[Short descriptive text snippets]
=== Begin Enclosure ===

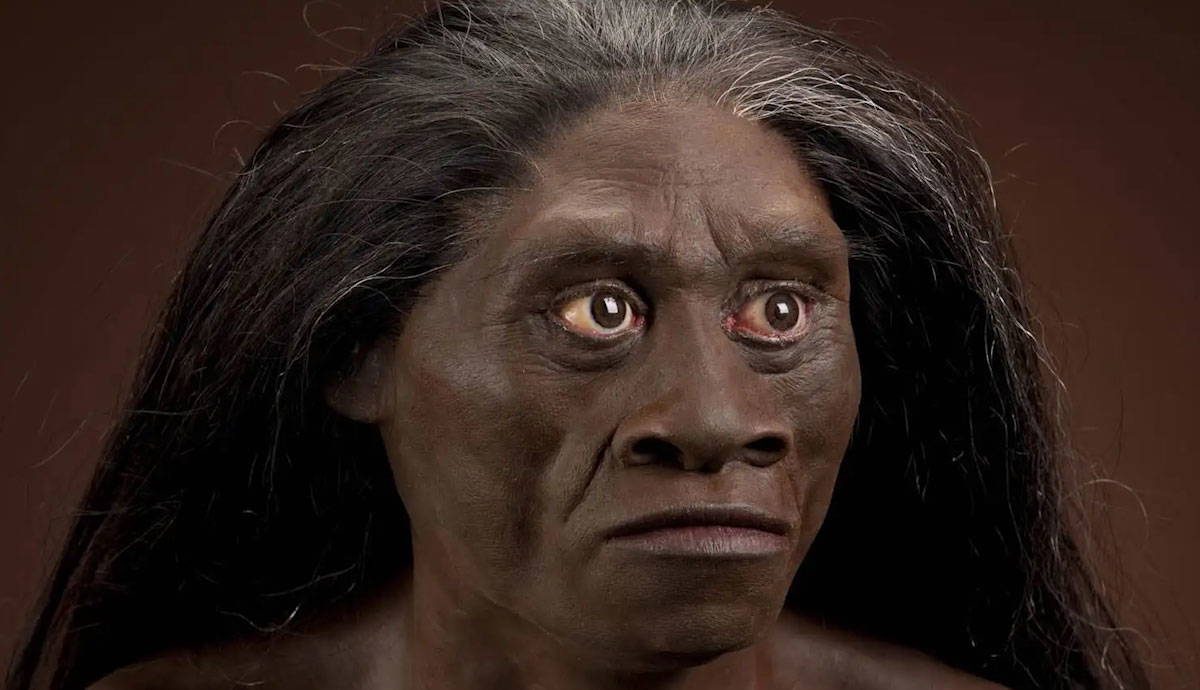 homo floresiensis what do we know hobbit people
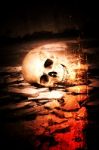 Human Skull On Ruins Place Stock Photo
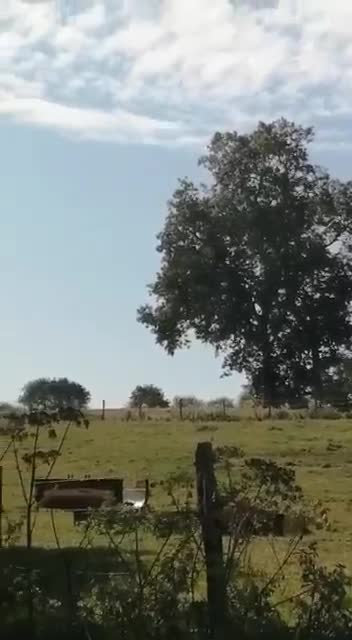 08 Aout 21 Puma survole le champs a proximité de la SVI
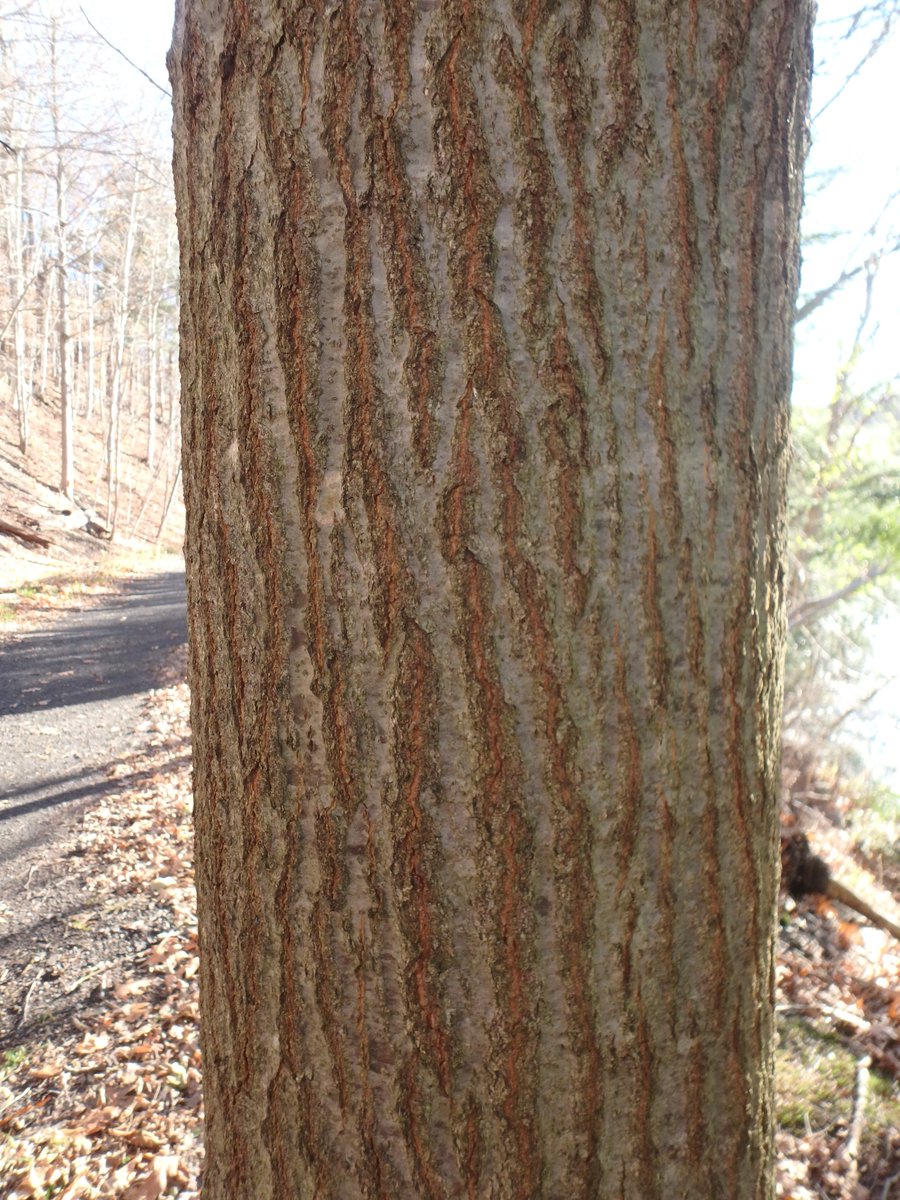 LeopoldLabESF's tweet photo. It's #barktime !: I. Acer saccharum (2), Prunus serotina, and Quercus rubra https://t.co/AzYtbRuC32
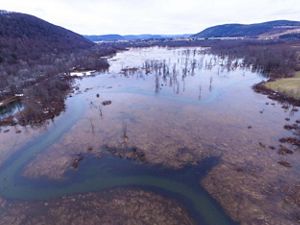 Flooded Cohocton River.
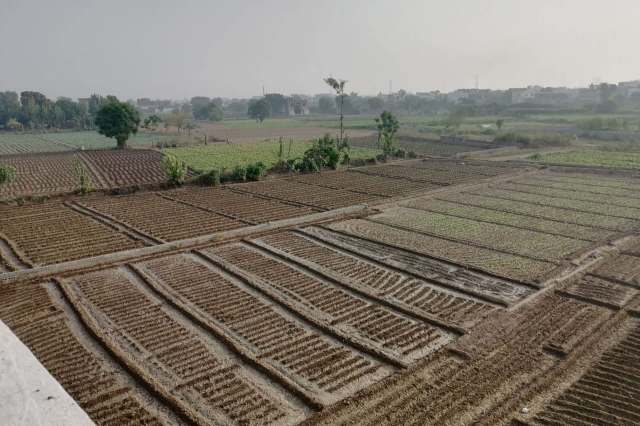 Tomato farmers in Pakistan are reeling after a frost ruined about 65% of their crop.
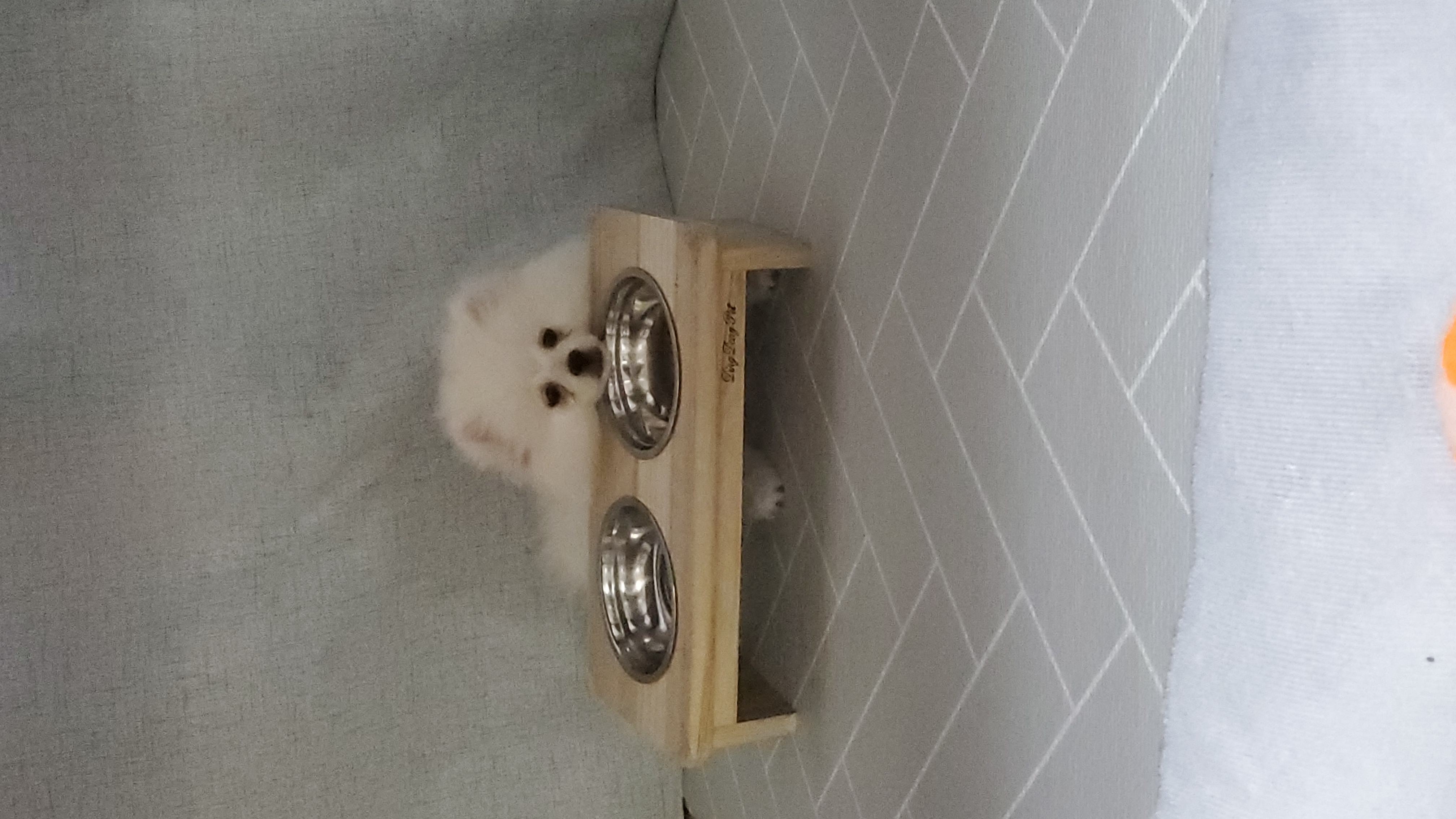 곤지암 꾸일이 적응기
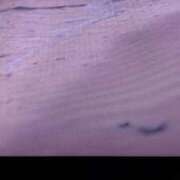 ヒメ日記 2025/05/03 13:52 投稿 葵 夢ごろも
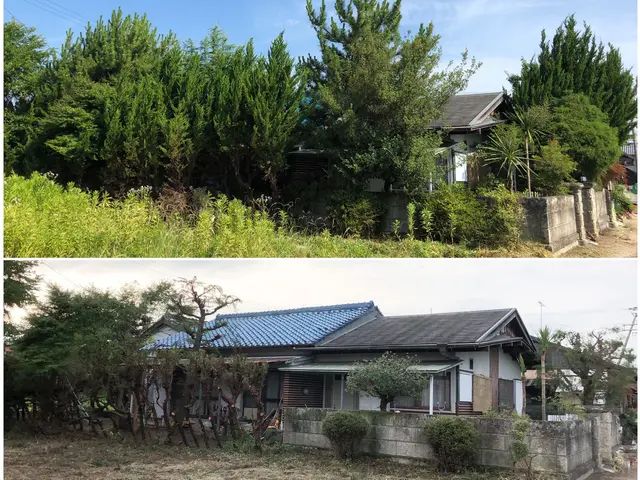 いつもありがとうございます。10、11、12月は完売いたしました。サービスの画像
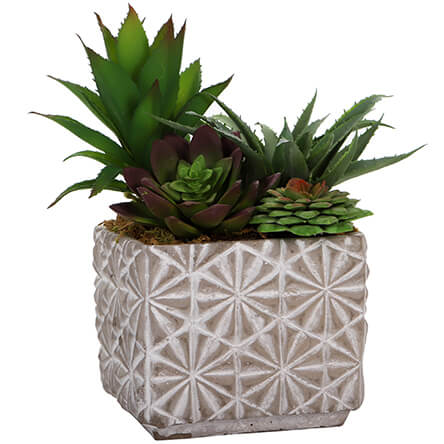 Maceta Con Cactus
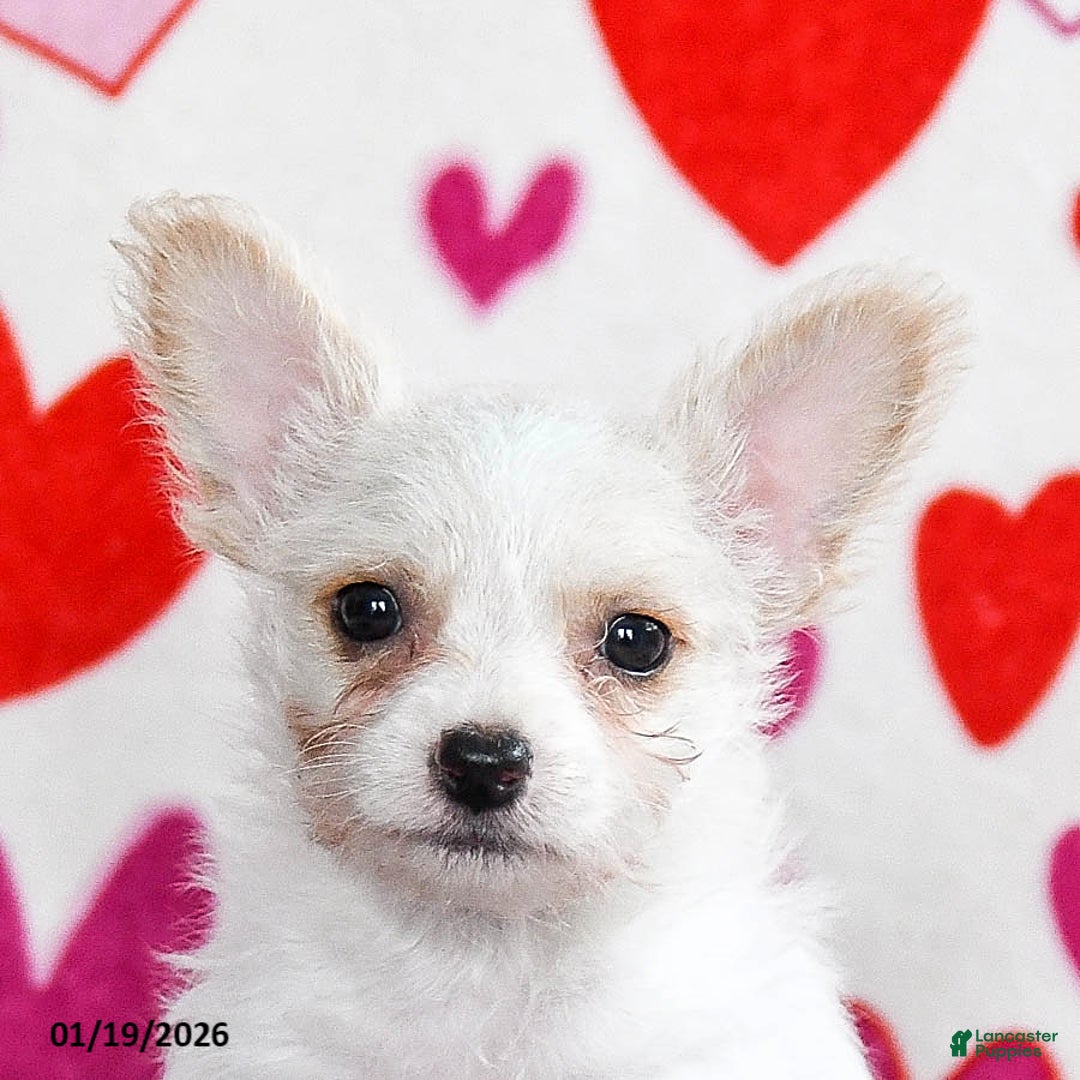 Yochon dogs for sale: Snowflake - Ad 4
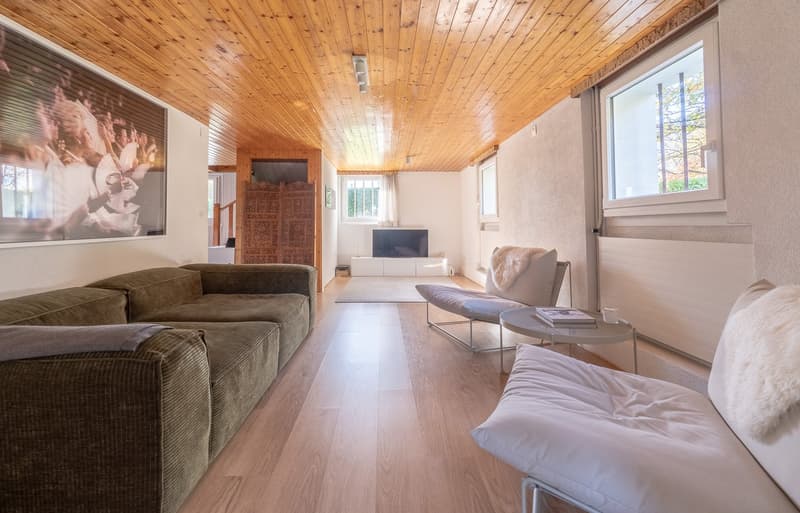 Couches, coffee table, television, white radiator, carpeted floors, wood ceiling
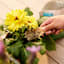 Back to Starts Organic All Purpose Plant Food, 1.5lb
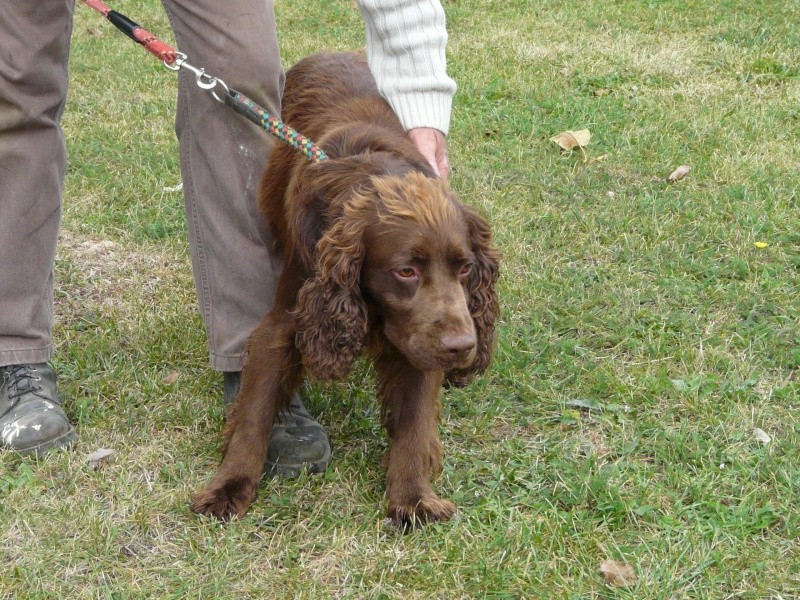 BARRY- spinger spaniel 6 ans - Spa de Poitiers (86)  126_r_12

=== End Enclosure ===

**Assignment**
Only the lines from the line with "Couches, coffee table, television, white" through the end of the records belong in your copy. Repeat them exactly, without pictures.

**Result of the task**
 Couches, coffee table, television, white radiator, carpeted floors, wood ceiling
 Back to Starts Organic All Purpose Plant Food, 1.5lb
 BARRY- spinger spaniel 6 ans - Spa de Poitiers (86)  126_r_12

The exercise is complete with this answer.